I’ve been excited about data science for a long time, but I’ve also wondered, “Is data science really that different from what I’ve done in the past?” After a week at Metis, I can definitively say yes.

What I’ve learned about data science so far

Our first project at Metis was for a hypothetical client organizing a gala in New York City. To increase attendance, the client wanted to place staff at subway stations where they would recruit people. In a monstrous city like NYC, which stations do you target? Our task was to use NYC subway data to find the answer.

It was a deceptively simple question that revealed some unique challenges of data science. I won’t go into details of our analysis (many Metis alums have done it more eloquently), but instead focus on early lessons that the project taught me.

1) Think before you code

The best thing about Big Data is that it’s easy to access. The worst thing about Big Data is that it’s easy to access. It took minutes to acquire months of subway data, which made it tempting to start coding and analyzing immediately. Unfortunately, we did this without much strategizing, which led us down rabbit holes and away from the task. Lesson for myself – put down the data (I know it’s hard), step away from the computer, and talk through a project first. This moral is true in all science fields, but the temptation is much greater when data are at your fingertips.
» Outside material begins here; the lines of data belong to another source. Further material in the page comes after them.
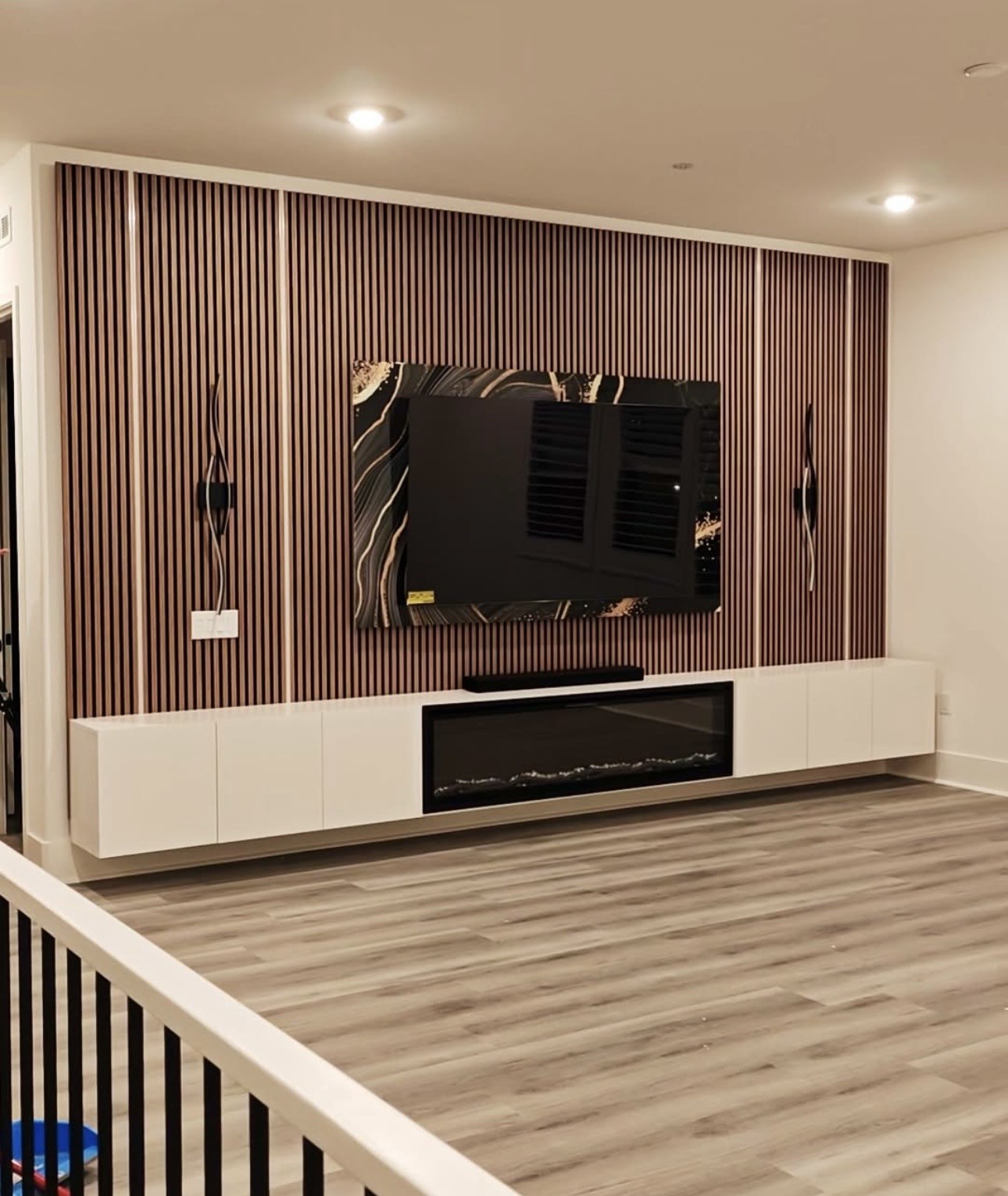 Custom media wall with a mounted TV, electric fireplace, and wood slats in a Kansas City home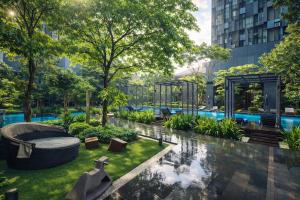 a rendering of a park with a pool and trees at klcc Star residence Kuala Lumpur in Kuala Lumpur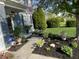 Inviting front yard with lush landscaping, a charming walkway, and a welcoming entrance at 12458 Trumbull Ct, Fishers, IN 46038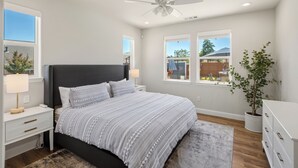A bedroom with a bed, nightstands, a ceiling fan, windows, and a potted plant. - Amazing new home- All the Amenities! (Murphys)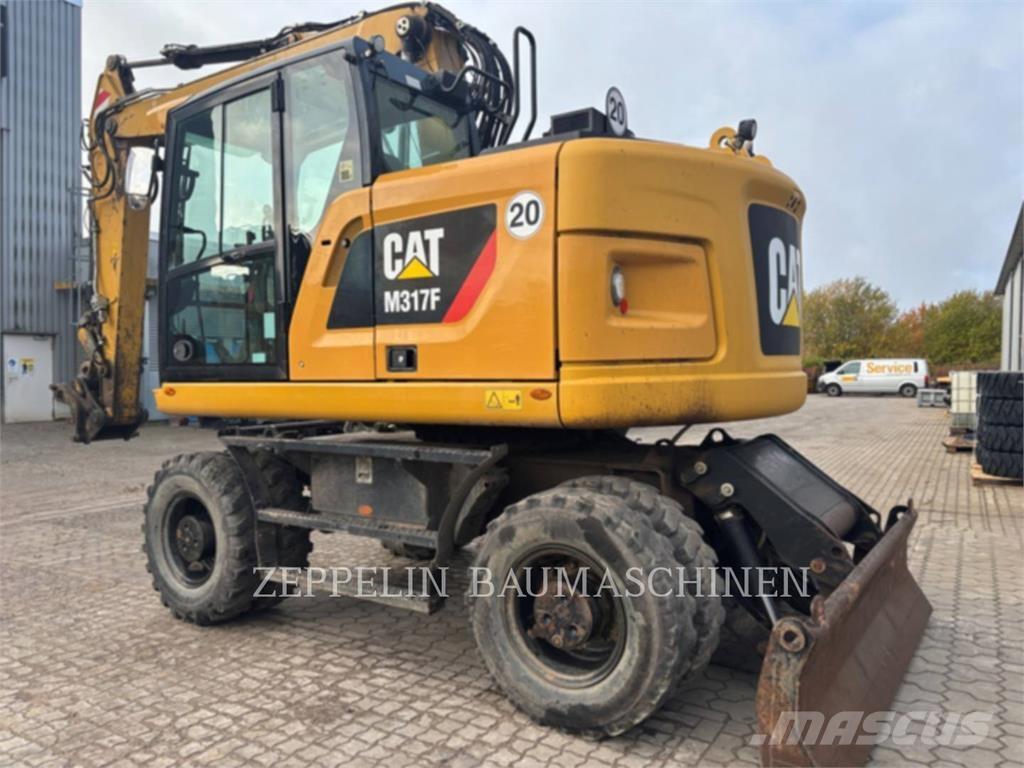 CAT M317F حفارات بعجل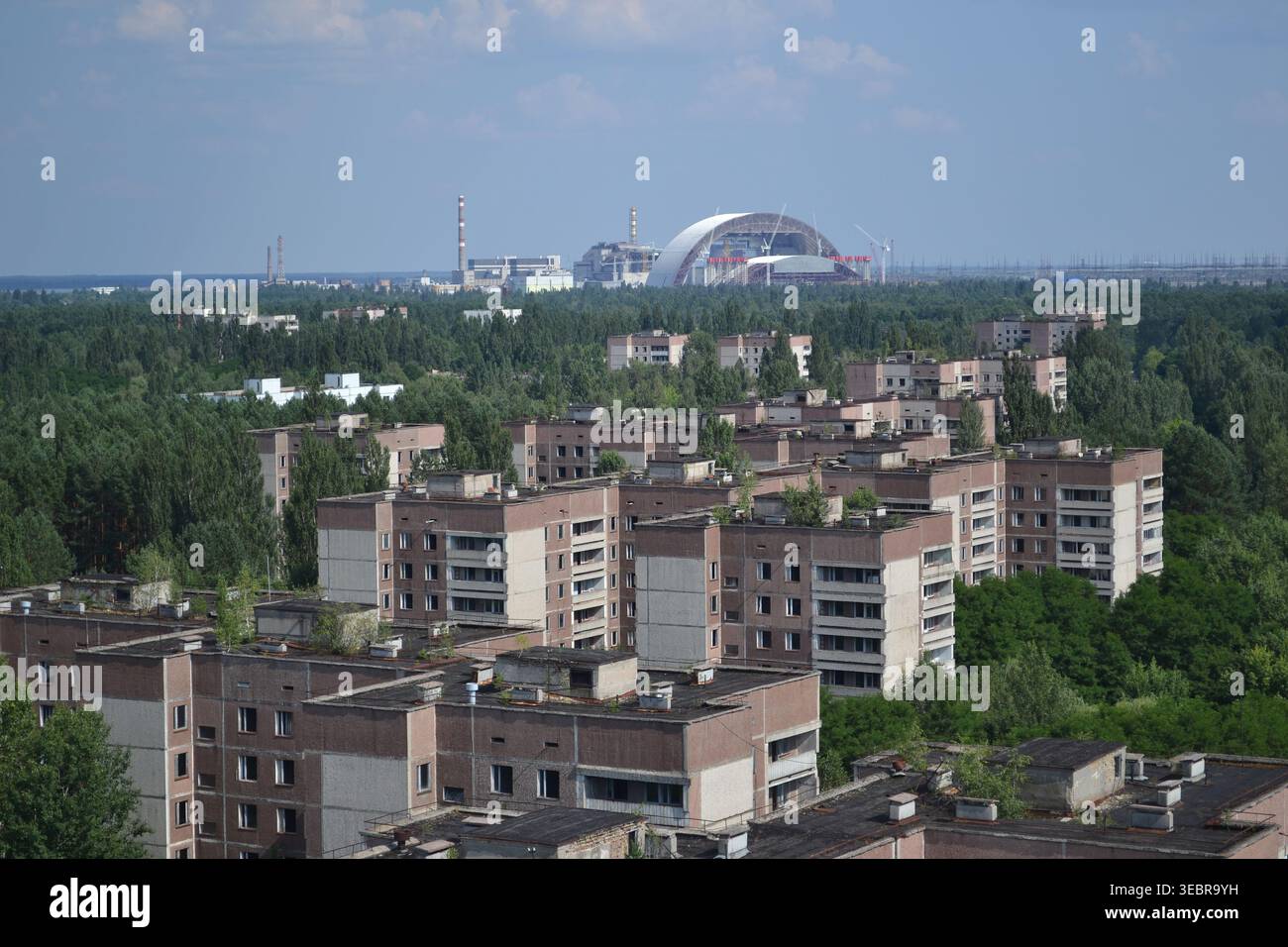 View from Pripyat rooftop towards Chernobyl’s Reactor 4, the decaying ...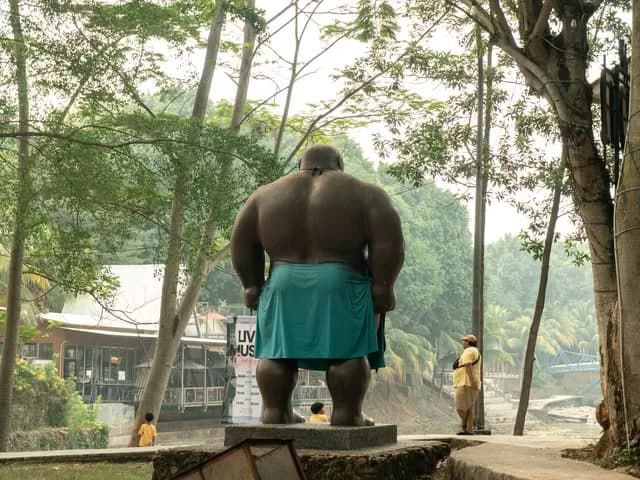 A statue of a broad figure in a park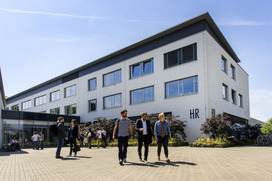 Das Bild zeigt ein dreistöckiges weißes Gebäude mit einem schwarzen Flachdach an einem sonnigen Tag mit blauem Himmel, indem die Bibliothek untergebracht ist. Im Vorderund sind mehrere Studierendengruppen zu sehen, die zum Gebäude hin- oder vom Gebäude weggehen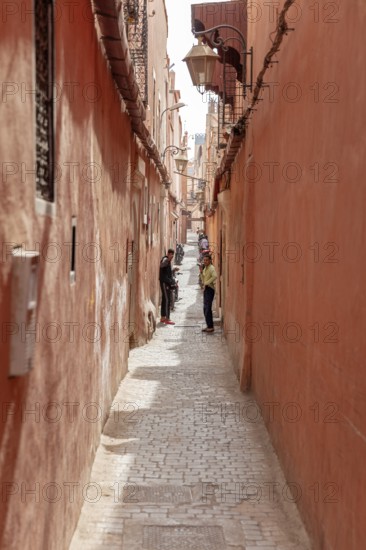 Narrow alley with red walls and walkers on the paved path in an old town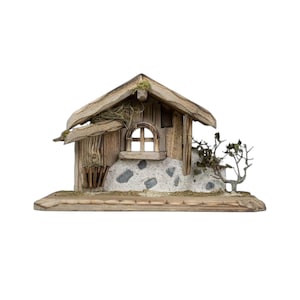 Può includere: Una casa in miniatura rustica in legno con un muro in pietra, una finestra ad arco e un tetto in legno stagionato. La casa è decorata con piccole piante e muschio, creando un'estetica naturale e affascinante.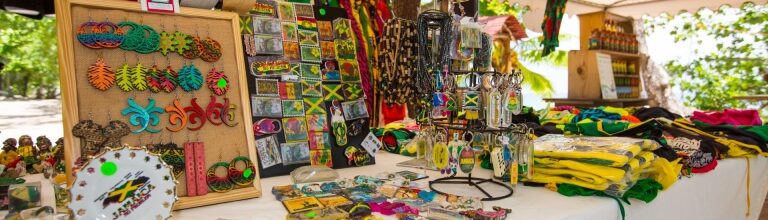 Table with colorful handcrafted Jamaica souvenirs and keepsakes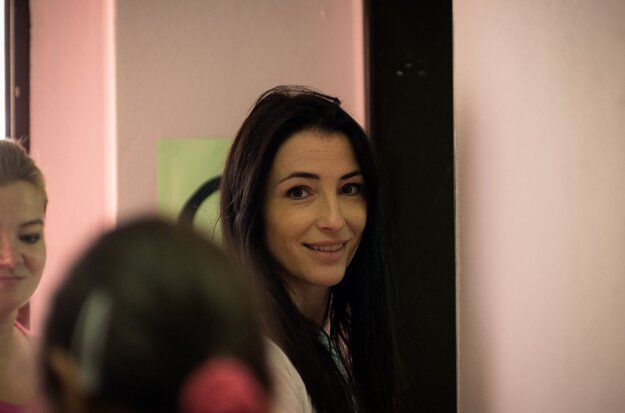 Lucia Hablovičová, model and TV host, painting individual rooms in a facility for for children and adults with mental disabilities.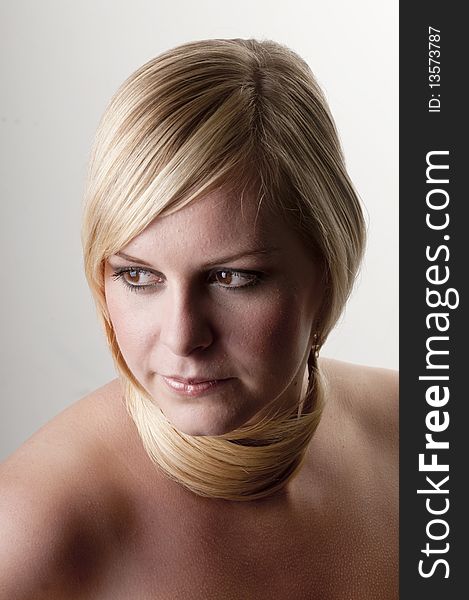 Beauty portrait of a young woman with her hair around neck.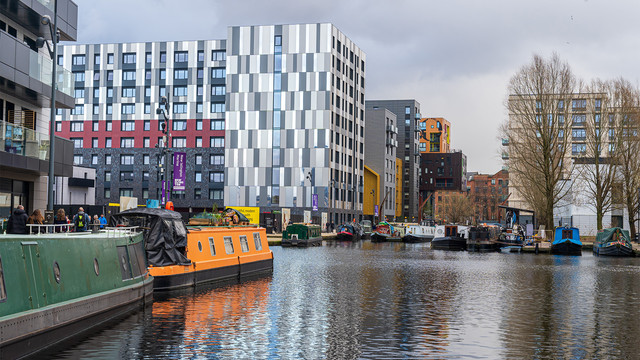 Modern canal side apartments in New Islington Manchester showcasing one of the top UK locations attracting tech savvy professionals and remote workers seeking urban lifestyle and connectivity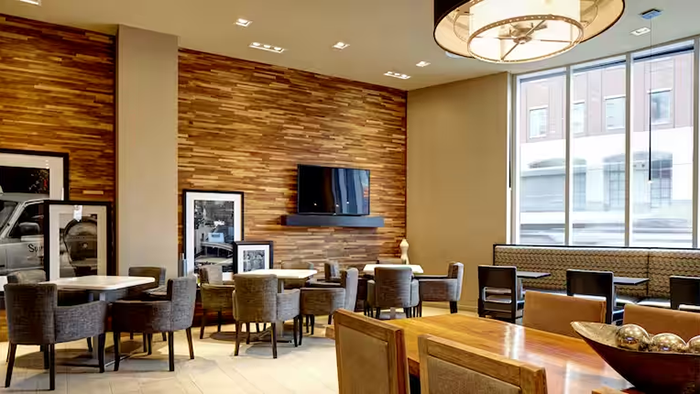A common area inside the Hampton Inn Brooklyn/Downtown hotel. Interestingly, framed pictures are simply resting against the wall instead of hanging.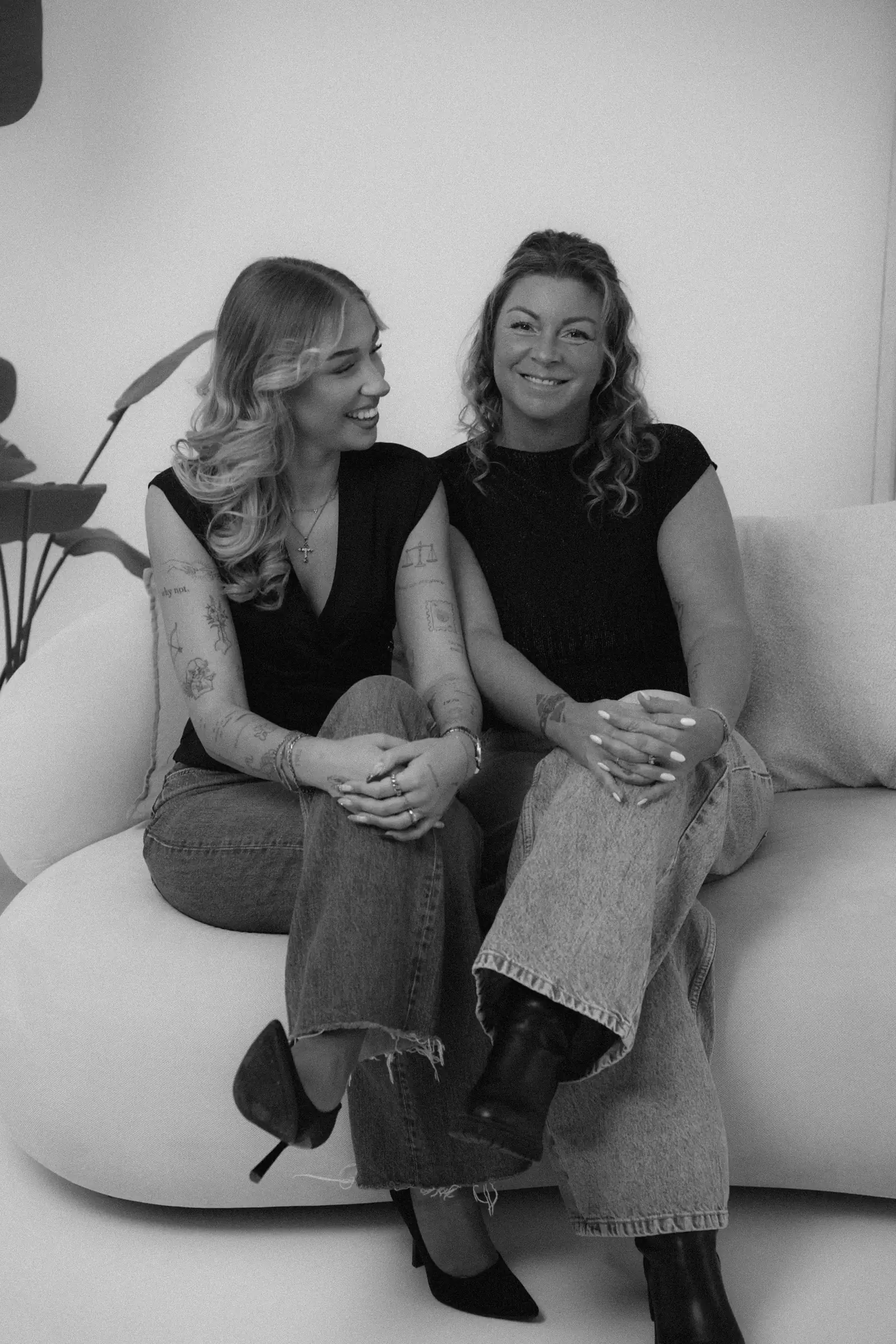 Diana und Jasmin sitzen lachend nebeneinander auf einem hellen Sofa, Schwarz-Weiß-Aufnahme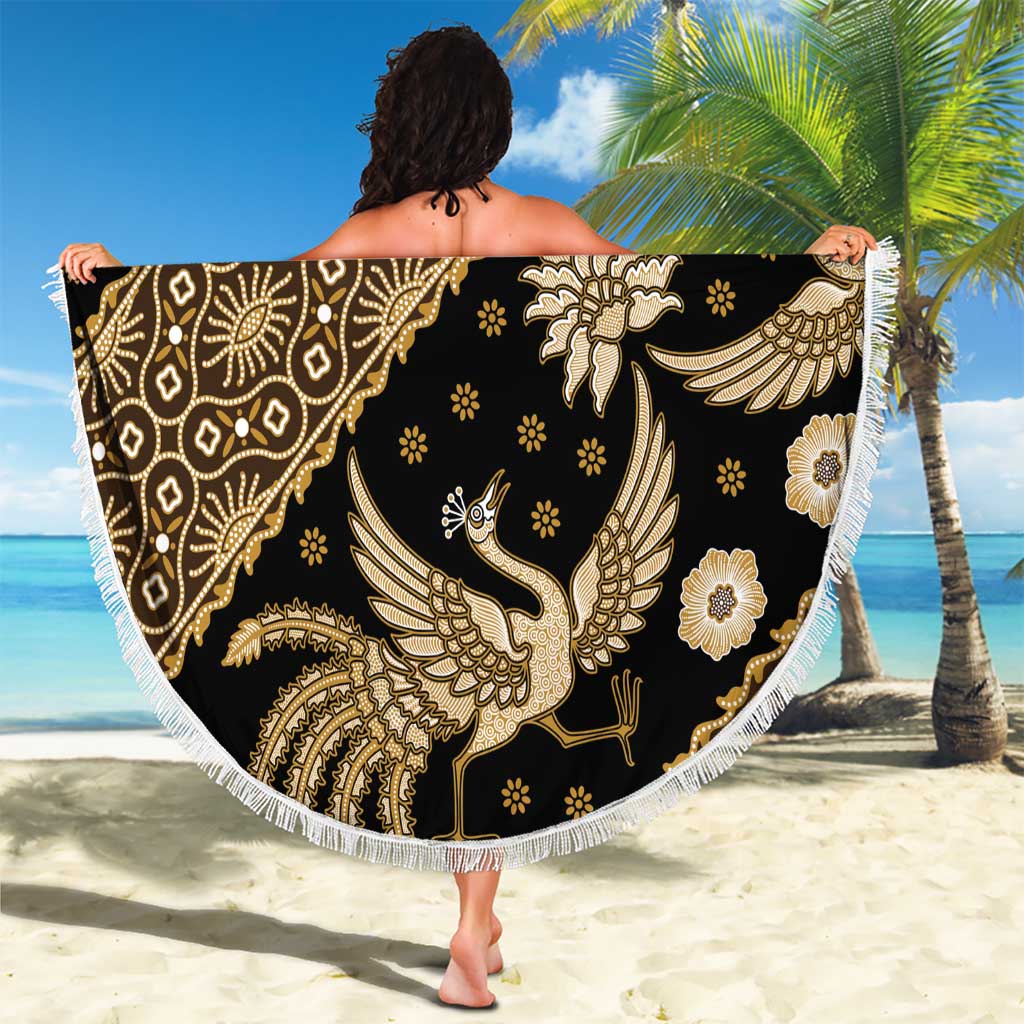 Round batik beach blanket, dark black with gold bird and flower motifs, white fringed edge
2) Treat your computer with love

My computer wasn’t happy with me by the end of this project. I was analyzing 500,000 records, which isn’t huge, but is enough to slow you down if you’re not careful. To make matters worse, I was performing every step of the analysis on every record, needlessly wasting memory. My computer finally collapsed in exhaustion one evening after it essentially ran a marathon with a 500,000-lb weight on its back. In hindsight, I could’ve structured the analysis differently to reduce the volume of data needed for each step. It would’ve achieved the same goal and my computer would’ve been much happier.

3) Start small, fail fast

One way to ease up on your computer is to test things out on sub-samples first. Aside from conserving resources, it helps identify coding errors that occur (which they will). Early in the week, I made a small but crucial mistake that was overlooked until it was almost too late. I probably would’ve caught the mistake in a smaller dataset, but in a large dataset, it’s easy to miss obvious things that can derail you.

4) Most of all ... don’t be a perfectionist

As is often the case, there were a lot of messy data to deal with. Many subway numbers were implausibly large or even negative. My perfectionist instinct was to fix it all because I wanted an exquisitely clean dataset. After 2 days of head-banging, though, I realized a perfect dataset was unnecessary. All we needed was the highest-traffic stations, which we could identify by taking a large sample of days and using the median across days to filter out implausible numbers. It was a simple solution to a dataset that would never be perfect.

I suspect I’ll be re-learning these lessons repeatedly in the next 12 weeks. We haven’t even started the sexy sides of data science that will make Donald Glover swoon. But the more exciting things get, the more important it will be to keep these unsexy lessons in mind.

Dan Taber